What Eliot Spitzer’s Mission Means to You

As he seeks to leverage his crusade against corporate corruption into the [Empire] Statehouse, New York Attorney General Eliot Spitzer is having a profound impact on U.S.
business. As goes Spitzer, so goes States AGs throughout the country. As a result, companies throughout the world will need to re-strategize their own responses if investigators
do indeed rethink how they will be pursuing (or not pursuing) their own initiatives in court and in the media, according to CARMA International, which recently conducted a global
media analysis of Eliot Spitzer on behalf of Levick Strategic Communications.
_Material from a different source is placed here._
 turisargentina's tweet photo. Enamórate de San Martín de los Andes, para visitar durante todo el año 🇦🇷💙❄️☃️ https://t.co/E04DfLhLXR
CARMA examined 62 editorial and opinion pieces in major U.S. business and consumer publications
between Jan. 1, 2003, and June 30, 2004, discussing Eliot Spitzer. Spitzer continues to outperform federal regulators in the court of public opinion; many of those regulators
continue to be perceived as having fallen down on the job earlier in the decade amid a rash of corporate scandals. Even if Spitzer doesn't run for public office, public perception
of him will nonetheless shape the day-to-day realities confronting U.S. business. Some of the findings:

  • Even though negative messages have increased across the board during the first half of 2004, the largest volume of opinion pieces agreed that Spitzer should be applauded
    for the changes that his cases have brought to the business world. Most of these messages appeared in 2003 and referenced the global research settlement. Yet even in more recent,
    and more critical, coverage of Spitzer's actions, a number of stories conceded that, while Spitzer has started to step over the line with some of his lawsuits, his initial fame
    for outing research conflicts on Wall Street was well deserved, and he did indeed provide benefits to individual investors. Accordingly, these pieces generally painted a mixed
    good guy/bad guy picture of Spitzer.
  • Watch the Grasso case carefully. It may be an important first chink in Spitzer's armor. Any media victory by Grasso in a public court innately biased against overpaid
    executives (and, in this case, an executive who was not even working for a publicly traded company) is conspicuous. With Grasso too, there may be an appearance, however debatable,
    of victimlessness. If Spitzer buckles on the legal end, or if Grasso wins (relative) media victories, businesses with much less to apologize for may well want to reexamine their
    strategies in response to investigations by Spitzer or Spitzerlike officials. They may have more going for them in terms of public support than Spitzer's prominence would suggest.